Казавшаяся такой надежной на спокойной воде, лодка,
приложенная к камням, мгновенно превращается в груду жалкого
лома.
Героизм может принимать формы самые неожиданные. Был случай,
когда человек, идущий “баржой” (один в лодке и потому с
большей частью общественного груза), почувствовав, что не
удержит круто кренящуюся лодку со всеми “пароходскими”
харчами, выпрыгнул из нее, ценой собственного купания вернув
ей нормальное положение. Страхующие в самом низу, не
видавшие случившегося за поворотом, с ужасом наблюдали, как
из порога первым выплыл хорошо знакомый головной убор -
шляпа-котелок варшавской фабрикации 1912 года, затем
совершенно целая байдарка без седока и только потом появился
бредущий берегом самоотверженный владелец котелка.
Запорожье
Пороги - не самоцель. Главное, ради чего, собственно, и
затевалось все предприятие, наступает вечером. День на воде
среди дивных видов, преодоление реальной опасности порождают
такую искреннюю и безграничную готовность к вселенской
любви, какая может разрядиться только вселенским трепом.
Полагающиеся после прохождения “порожные” сто граммов
способствуют его живости. (“Питие”, кстати, носит чисто
ритуальный характер - на всякий день на напасешься.) От
ясного пламени костра бегут последние суетные помыслы.
Разговоры ведутся о высоком и вечном. Собственно, это
“московская кухня” под открытым небом.
В некотором смысле байдарочники - и не путешественники
вовсе. Они, подобно сказочным добродушным и чудаковатым
хоббитам, ужасные домоседы. Более всего на свет они
привязаны к своей норке, да так уж сложилось, что их
истинная родная нора - на реке, и попасть туда удается раза
два в год. Печально возвращаются они в города с задубевшими
ладонями, обгоревшие, закопченные и изъеденные мошкой, но с
душой обновленной и лицами просветленными.
Заряда хватает максимум на полгода. С середин зимы
начинаются разговоры: “Куда двинем”. И так всю жизнь с
небольшими вариациями.
С появлением детей заканчивается “героический период”

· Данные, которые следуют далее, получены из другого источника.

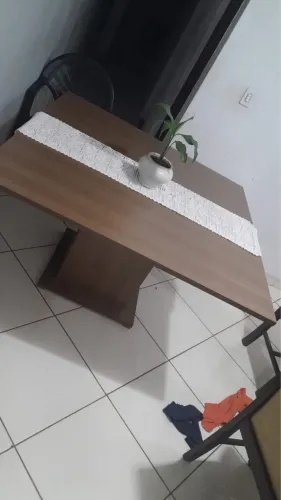 MESA DE MADEIRA 1,36x1,36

хождения по водопадам. Отпрысков приучают к реке обычно лет
с трех, но однажды на болотном волоке довелось встретить
компанию с восьмимесячными младенцами. Для “детских походов”
поначалу выбирают речки потише, потом покруче.
Через несколько лет родители обнаруживают, что им с детьми
тягаться уже не по силам. И дети уходят “своей компанией”.